もっと抽象的な深さを予想をしていたけれど、人名に色を冠したり、自縛からの謎解きの旅を巡礼と模したのだと思うと、即物的な感じもする。
修辞が多くて読むのが退屈するのかなと、勝手な思い込みを抱いていたけど、思ったほどではない。 心の内面をああでもないこうでもない、というか都会的な言葉で形容する文章が多い。これが村上春樹の特徴なのだろうか。
でも総じて、読みやすかった本だ。あまり難解な言葉遣いは無い。
(サイコ)サスペンス的なあるいはミステリーというべきなのか、そんな設定になっていたので、少し興味を持ちながらつまりは退屈することなく読むことはできる。でもさすがに本格的サスペンス小説ではないから、さしてドキドキするわけではない。
物語の核心となる原因は意外な理由だったけれど、その背景に関しては記述が少ないため物足りなくもあった。 特に途中に出てくる死神話しとの接点がもの足りない。
個人的には全ての行為は主人公の中に隠れた二重人格的な側面に帰結があるのかと、期待していた・・・
村上春樹の本は初めて読んだ。ベストセラー作家ということで有名だけれど、けっこう性的描写も多いなー、と意外な発見だった。
今の時代背景の描写も多く地名やモノもリアルなのだけれど、人物にリアリティを感じるわけではなく、つまりは色彩が有ろうが無かろうが「人の匂い」がない。むしろ妄想に付き合うような話だったと思う。

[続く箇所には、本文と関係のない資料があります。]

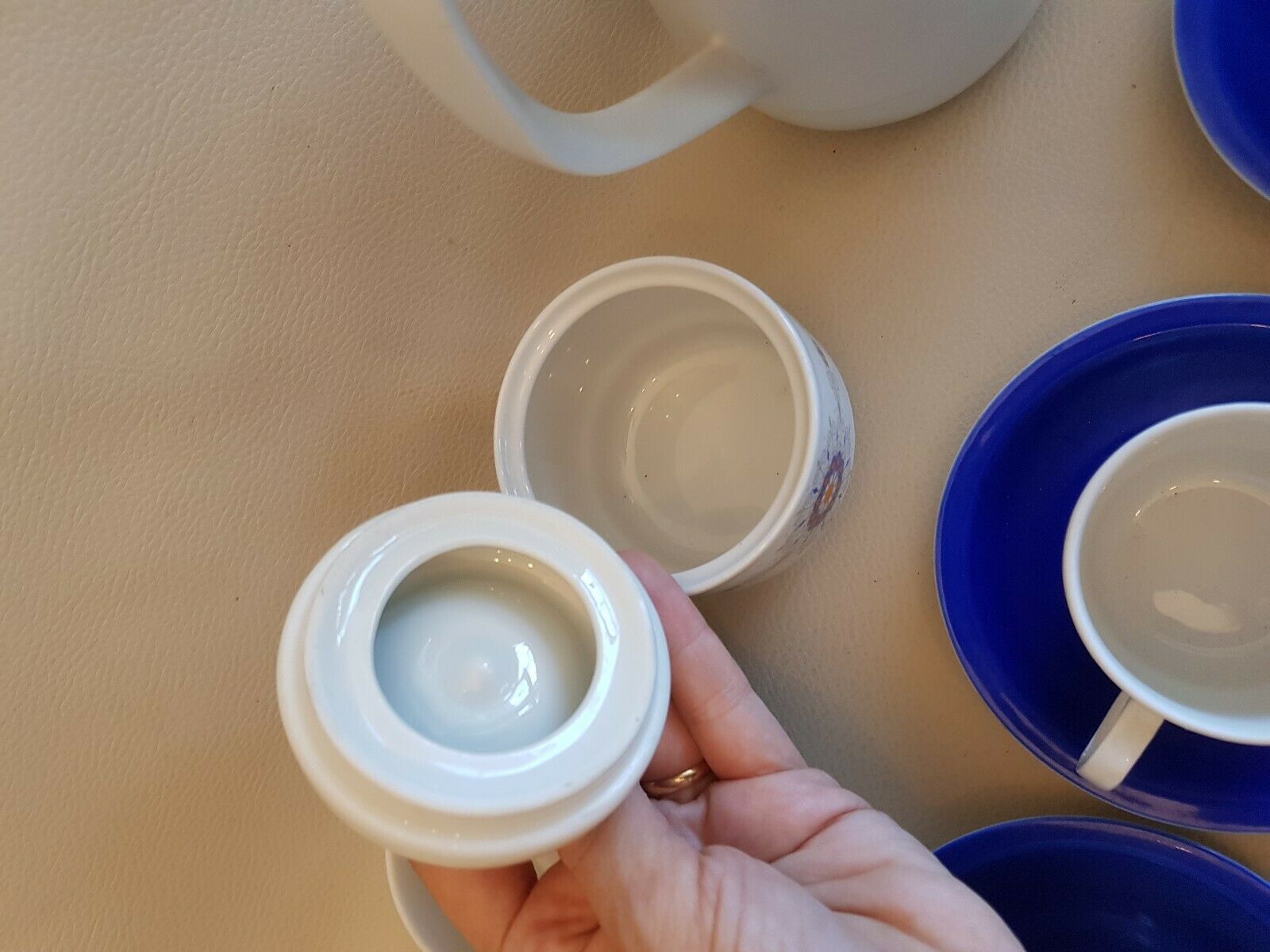 Coffee service and dessert in vintage porcelain 70s Bareuther blue décor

色彩が無いのではなく、現実の人間が放つ匂いがないのだ。つまり人間臭さ。それは著者の感性に合わないのだろうけれど、「匂いを持たない多崎つくると、彼の妄想の旅」と形容するのは皮肉すぎるかもしれないな・・・
二度読みたいという本ではなかった。図書館のお勧めコーナーに置いてあったけれど、なんとなく著者のネームバリューで売れた本のような気がする。
先日読んだ、同じ村上でも村上龍の「55歳のハローライフ」のほうが小説として巧みで面白い。